Department of Pathology, Santa Rita Hospital, Santa Casa Hospital Complex, Rua Sarmento Leite, 187, 2° andar, Porto Alegre, Rio Grande do Sul, Brazil.
Childs Nerv Syst. 2023 Jan;39(1):301-305. doi: 10.1007/s00381-022-05625-1. Epub 2022 Aug 3.

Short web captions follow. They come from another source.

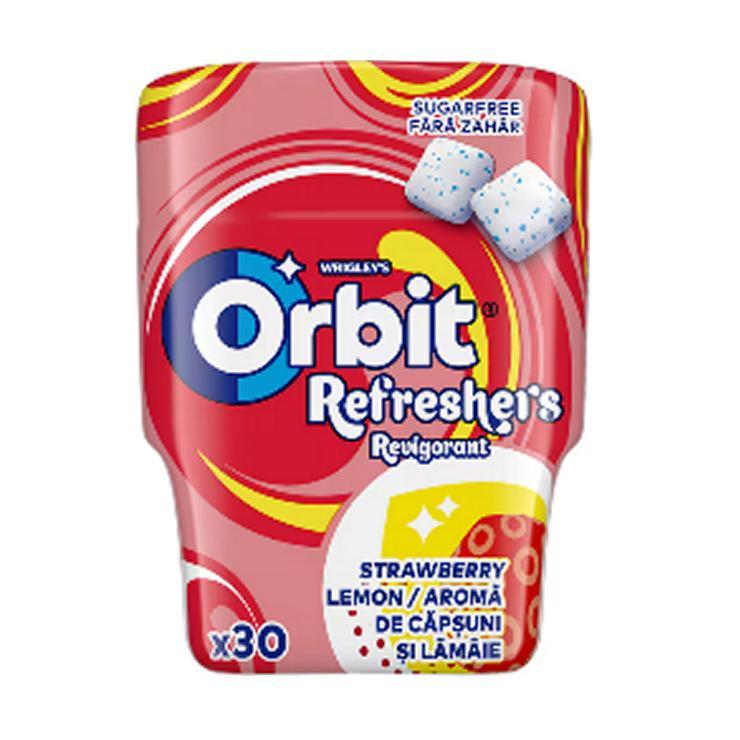 Жевательная резинка Orbit refreshers strawberry lemon 67 гр., пластиковая упаковка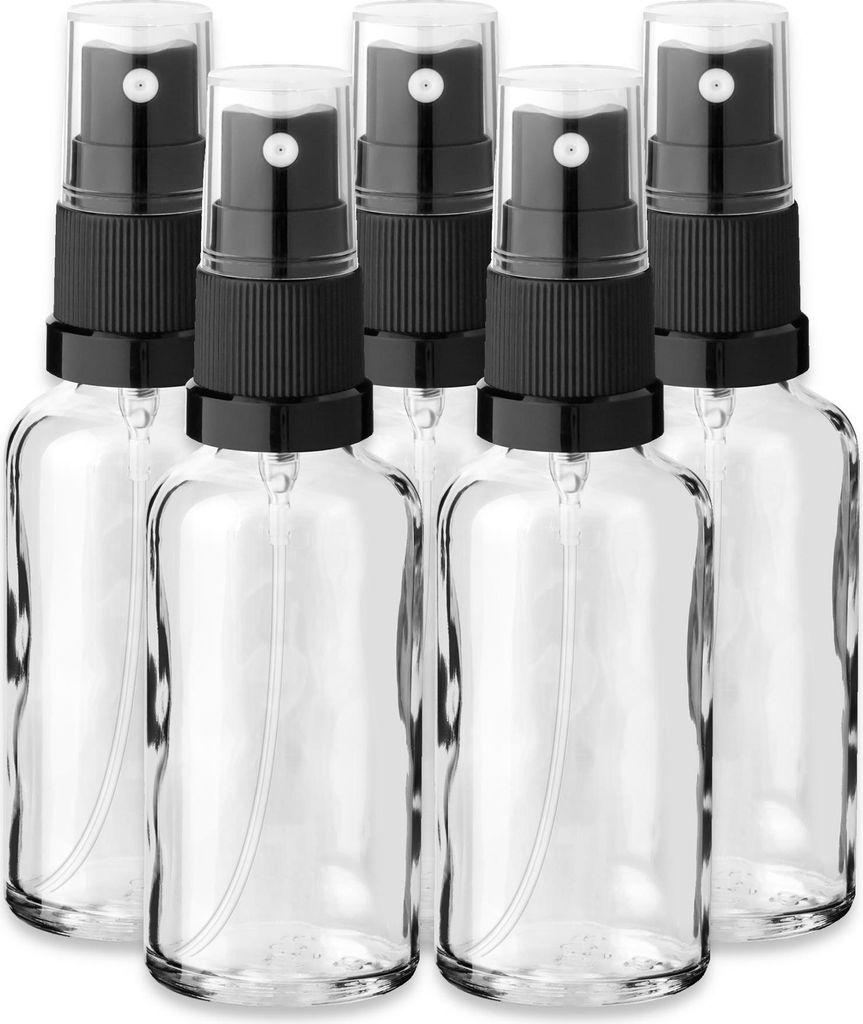 5x Glasflasche klar 100 ml mit schwarzem Zerstäuber Sprükopf Pumpspray
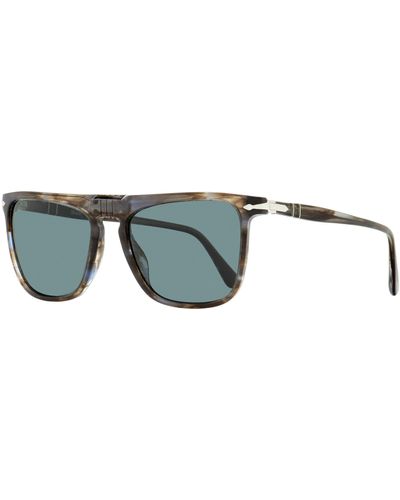 Persol Rectangular Sunglasses Po3225s Striped Blue 56mm - Black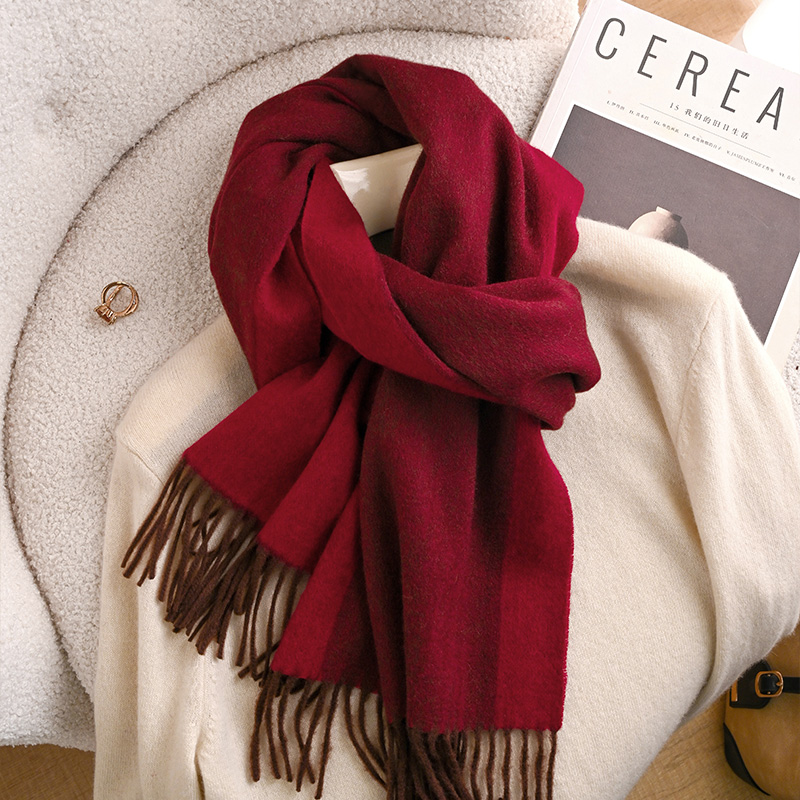 红色围巾女2025新款秋冬季高级感羊毛羊绒送妈妈本命年礼物小围脖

Diffuse leptomeningeal glioneuronal tumors (DLGNTs) are rare central nervous system tumors of childhood that were recently described as a new entity. DLGNTs usually manifest with symptoms related to increased intracranial pressure or spinal cord compression. The classic radiological feature is a widespread leptomeningeal enhancement that may involve the entire neuroaxis. Microscopic examination demonstrates oligodendroglial-like cells that are positive for OLIG2, MAP2, and S100 and negative for IDH-1. Anaplastic features occur in some cases. Molecularly, DLGNTs are characterized by chromosome arm 1p deletion and alteration of a mitogen-activated protein kinase (MAPK) pathway gene, most commonly BRAF-KIAA1549 fusion. There is no established grading system for these tumors, which may have an indolent or aggressive behavior. Treatment usually involves chemotherapy and radiation therapy.
弥漫性软脑膜神经胶质瘤(DLGNTs)是儿童期罕见的中枢神经系统肿瘤,最近被描述为一种新的实体。DLGNTs通常表现为与颅内压升高或脊髓压迫相关的症状。典型的放射学特征是广泛的软脑膜强化,可累及整个神经轴。显微镜检查显示少突胶质细胞样细胞,其OLIG2、MAP2和S100呈阳性,IDH-1呈阴性。部分病例出现间变特征。在分子水平上,DLGNTs的特征是1号染色体臂缺失和丝裂原活化蛋白激酶(MAPK)途径基因改变,最常见的是BRAF-KIAA1549融合。这些肿瘤尚无既定的分级系统,其行为可能是惰性的或侵袭性的。治疗通常包括化疗和放疗。